**Supplied information:**
============
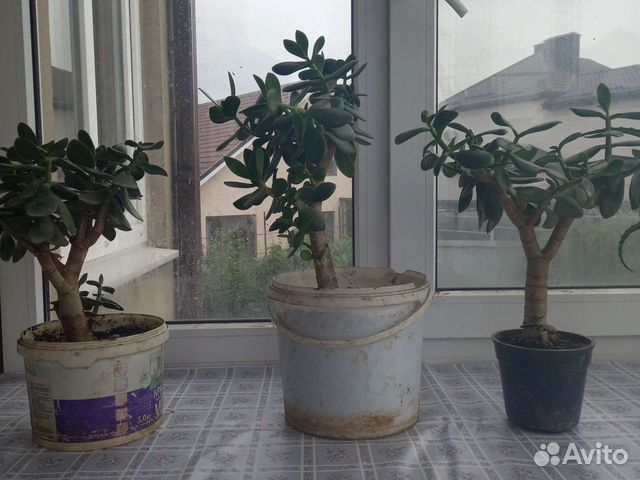 Толстянка, алое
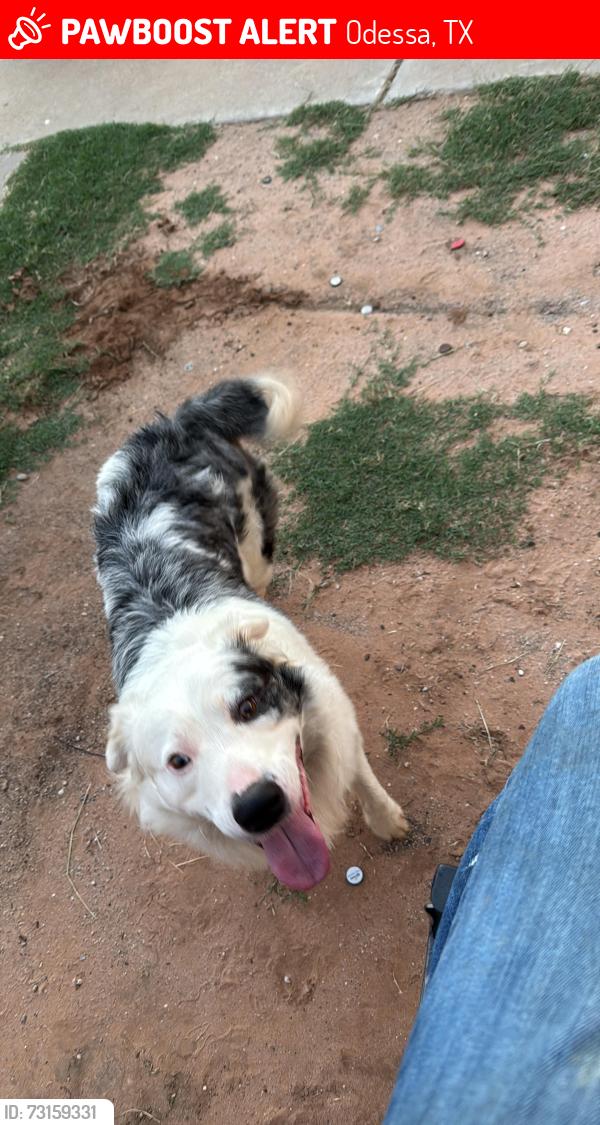 Lost Male Dog last seen Near Avenue c Odessa tx, Odessa, TX 79763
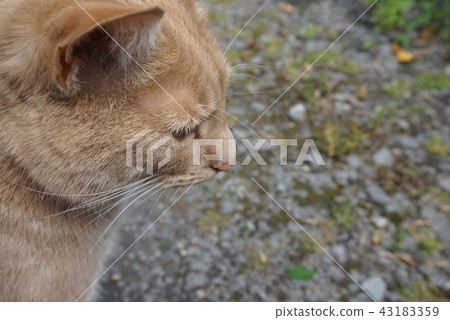 Brown cat profile Brown cat profile 43183359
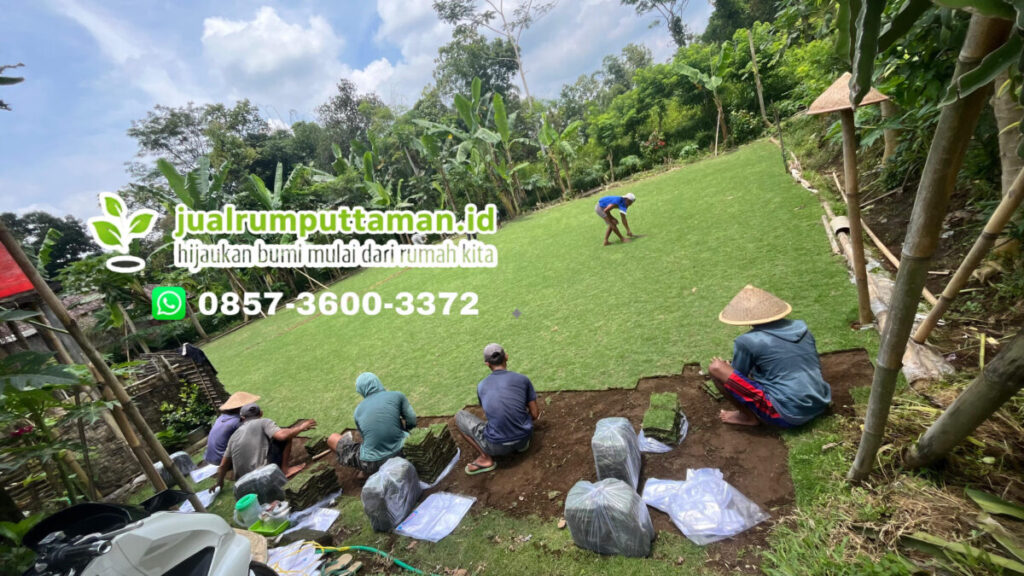rumput taman kota banjar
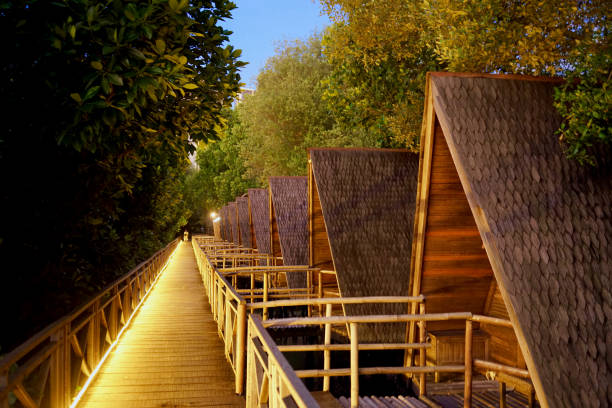 Multiple lodging in the coastal area (mangrove forest), illuminated with warm led lights in the afternoon.
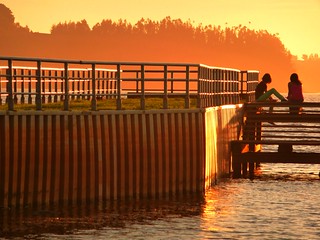 Puerto Dominguez (Araucan&iacute;a, Chile) - H&aacute;blame de soledad&hellip; (caminanteK)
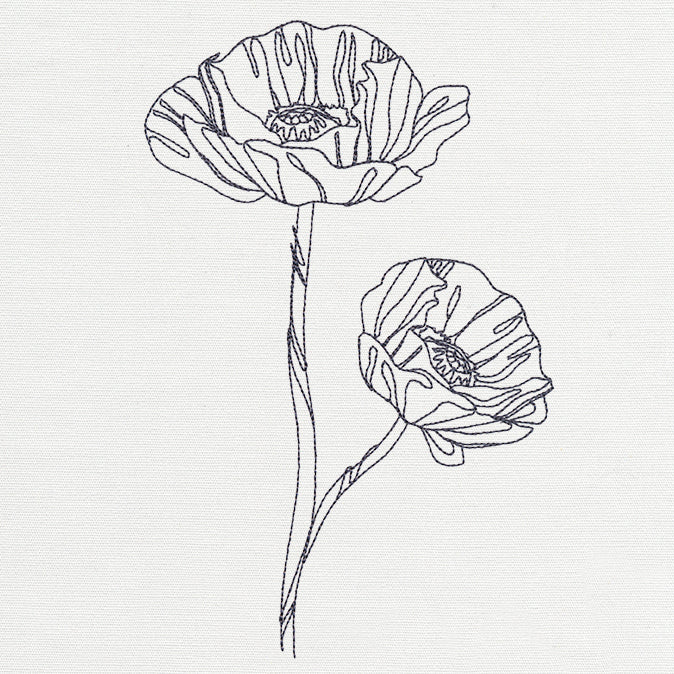 Delicate Poppy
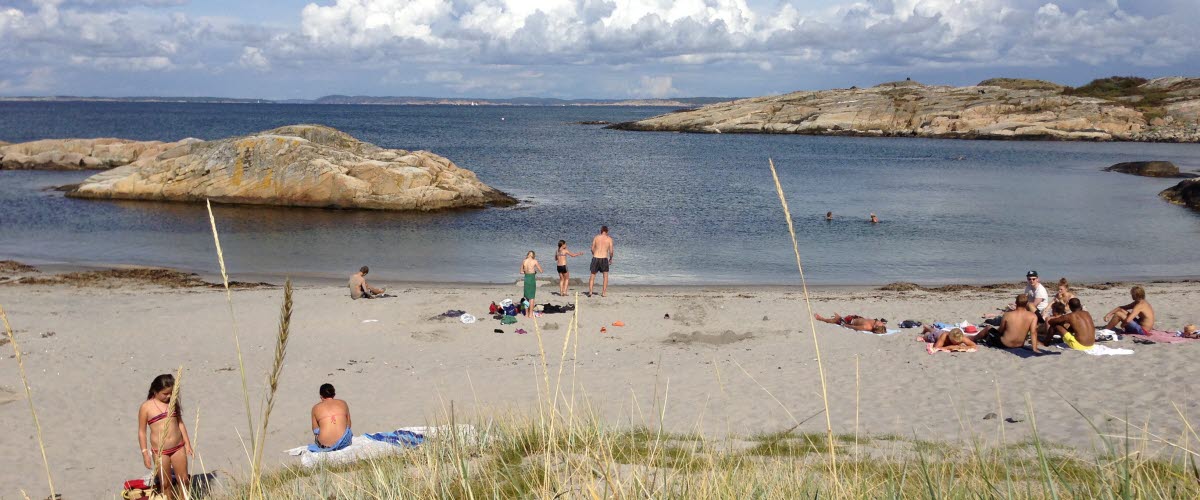 En solig dag vid Norrvikarna på Nordkoster. Folk sitter på stranden på badlakan, i förgrunden syns vass och högt gräs. 
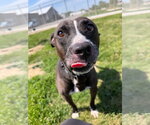 Small #2 Staffordshire Bull Terrier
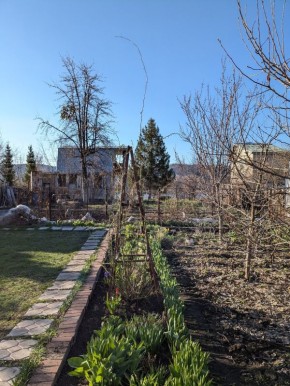 ��� ��������� ������� ������� ��� ���� �����������: ������ ���������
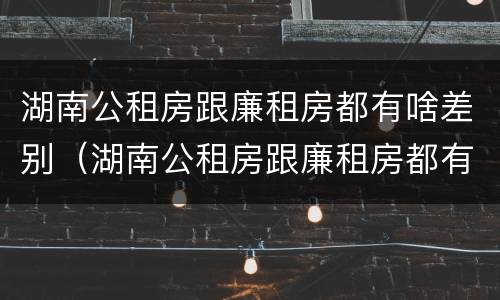 湖南公租房跟廉租房都有啥差别（湖南公租房跟廉租房都有啥差别吗）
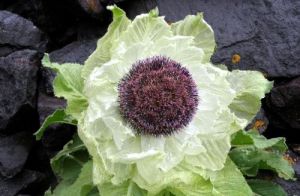 羽裂雪蓮 羽裂雪蓮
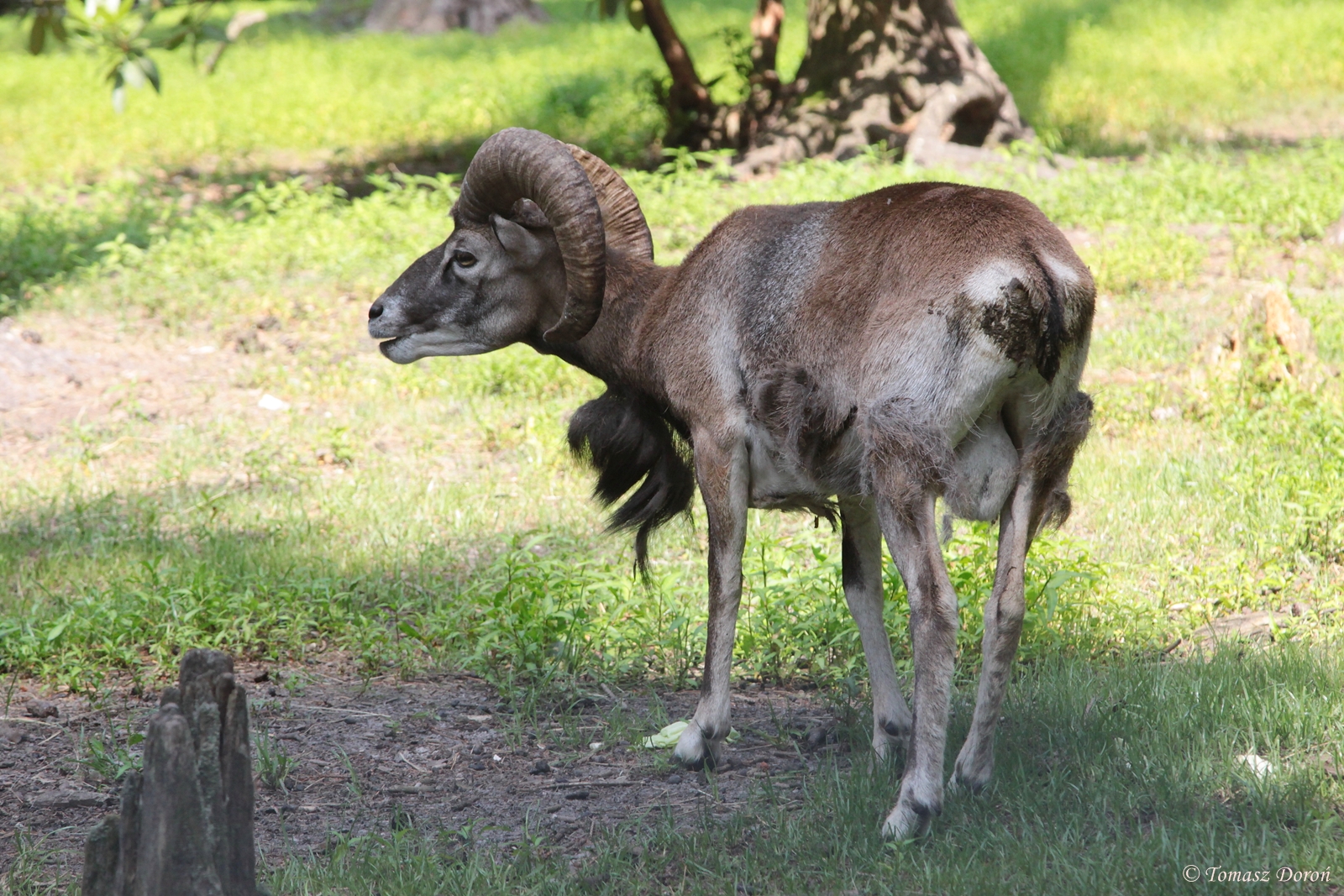 European Mouflon
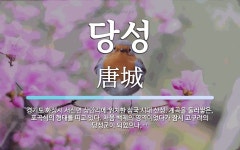 당성 뜻: 경기도 화성시 서신면 상안리에 위치한 삼국 시대 산성. 계곡을 둘러쌓은, 포곡식의 형태를 당성 뜻: 경기도 화성시 서신면 상안리에... 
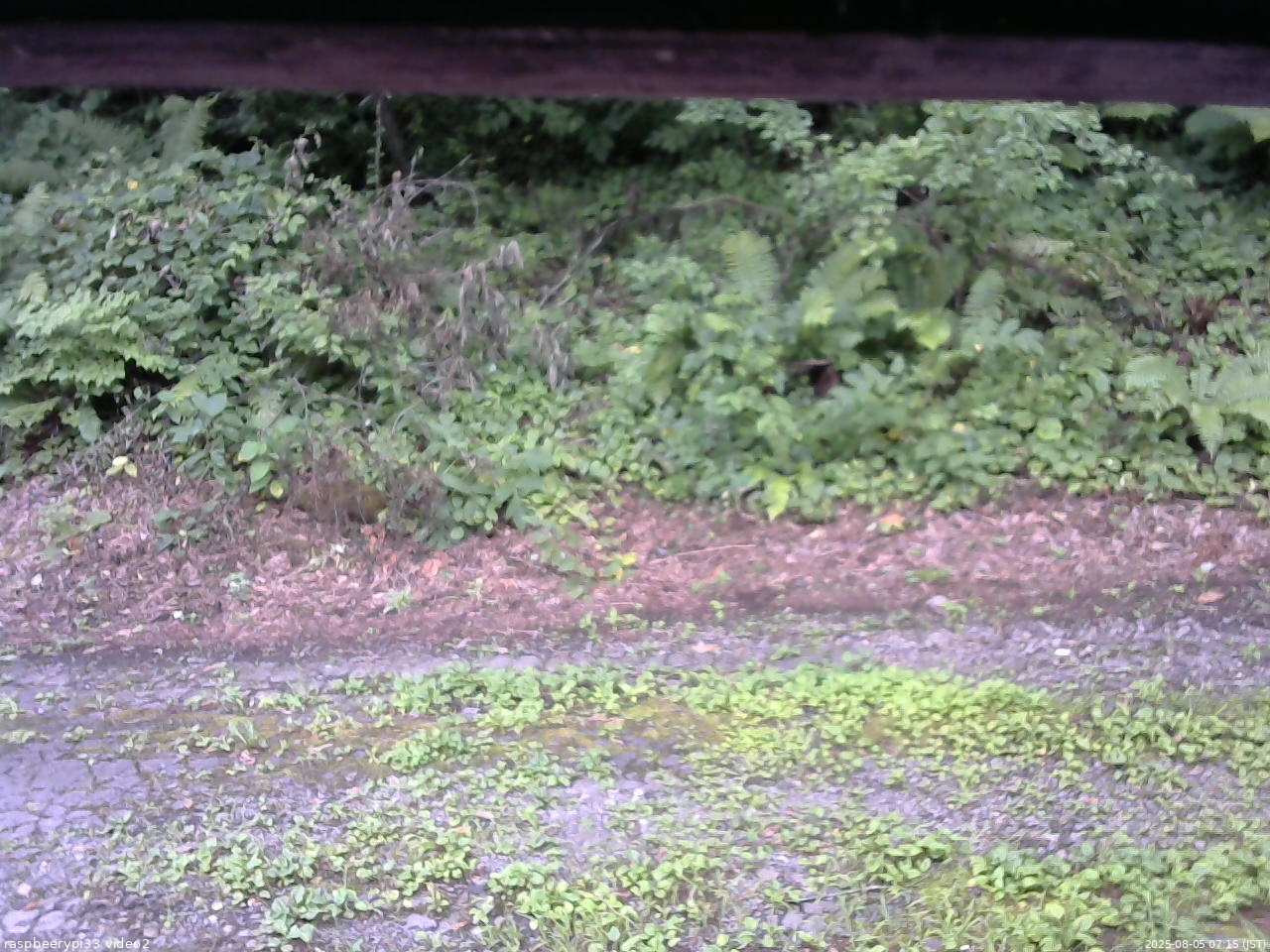長野県菅平高原 ゆたか山荘 南側 2025/08/05 07:15
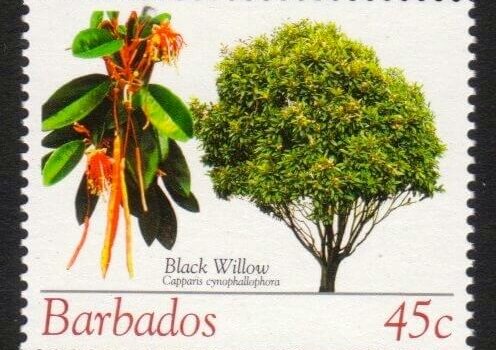 Barbados SG1269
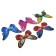 STETER "VERDI butterfly" 20x14cm/45cm, mix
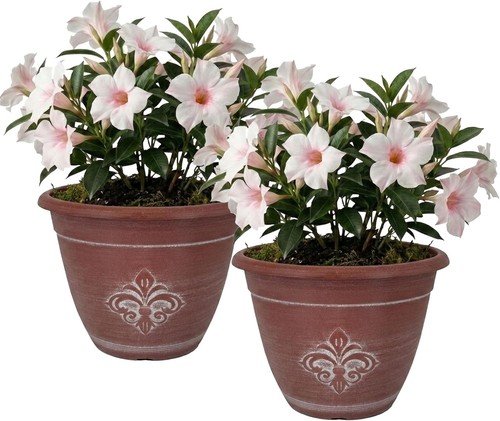 Large outdoor plant pots pack - large,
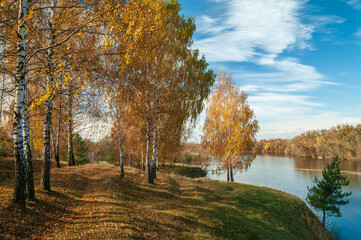Fototapeta premium Birch grove brightly lit by sunlight on the shore. Selective focus.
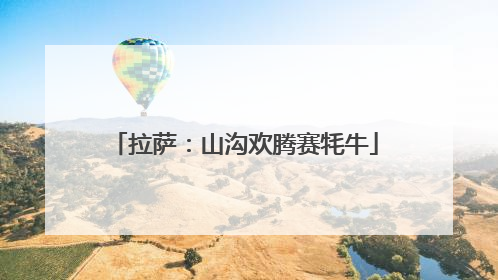 拉萨：山沟欢腾赛牦牛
============
**Instructions to follow:** Output exactly the stretch of the listing that begins at the line containing "Small #2 Staffordshire Bull Terrier" and ends at the line containing "European Mouflon", both kept. Omit pictures and everything else.

**Written solution:**
 Small #2 Staffordshire Bull Terrier
 ��� ��������� ������� ������� ��� ���� �����������: ������ ���������
 湖南公租房跟廉租房都有啥差别（湖南公租房跟廉租房都有啥差别吗）
 羽裂雪蓮 羽裂雪蓮
 European Mouflon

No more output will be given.